Interrogating Nigeria’s constitution -By Lekan Sote

Filed under: Democracy & Governance |

Lekan Sote

The International Centre for Tax Research and Development, convened by Nike Babington-Ashaye, will likely turn out to be a pressure group poised to interrogate Nigeria’s constitution, and lobby the government for necessary constitutional changes.

But it will be doing this from the tax perspective. The thinking is that the taxpayers’ money will not work well under the current constitutional framework. As you know, some have rightly argued that if the bulk of the revenue of a government comes from tax, the citizens will get to control the government.

The group is asking, “What types of taxes should be collected from the citizens and corporate organisations? Who should collect the tax? How should the tax be collected? How often should the tax be collected? How should the tax be collected and accounted for? And on what should the tax be spent?”

Though the pressure group interrogates other aspects of the constitution, its focus is more on Chapter Two of the 1999 Constitution, known as the Fundamental Objectives and Directive Principles of State Policy. This segment of the constitution dwells on fundamental, and existentialist, obligations of the government to the citizens.

This chapter enumerates the political, economic, social, educational, foreign policy, and environmental objectives of governance, which many think should be adopted as the manifesto of all political parties. But regrettably, these promises cannot be enforced by a court of law, because the constitution includes the caveat, “when practicable.” This irks not only the ICTRD.

There are many aspects of the constitution that are contradictory or inimical to the well-being of Nigerians.
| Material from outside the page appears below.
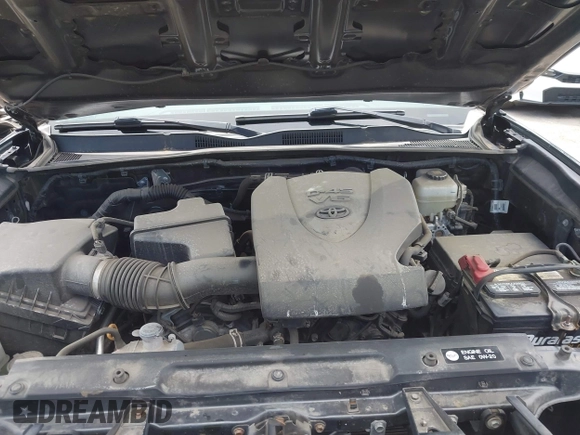 2019 Toyota Tacoma SR with VIN 3TMCZ5AN3KM207783, listed as a IAAI auction lot 42375280 with 55,784 mi miles and . Bid and sale history available at DreamBid. Image 10.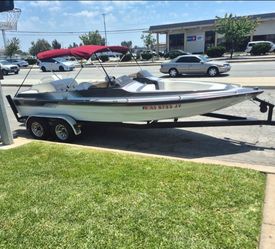 Boat trailer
And state actors in the three arms of the government that acknowledge that they were elected or appointed to serve the interest of Nigerians must buy into expunging them.

The most fundamental flaw of the constitution is that the federal system is actually a unitary system that concentrates immense powers and resources on the Federal Government, at the expense of the state and local governments that are closer to the people. With this system, the state is suspended like stalactite above the political realm.

Many have wondered aloud why fiscal federalism cannot be defined so that states and their citizens can have the rights to exploit the agricultural, mineral, and industrial resources within their borders. All they will then have to do is to make due remittances to the Federal Government.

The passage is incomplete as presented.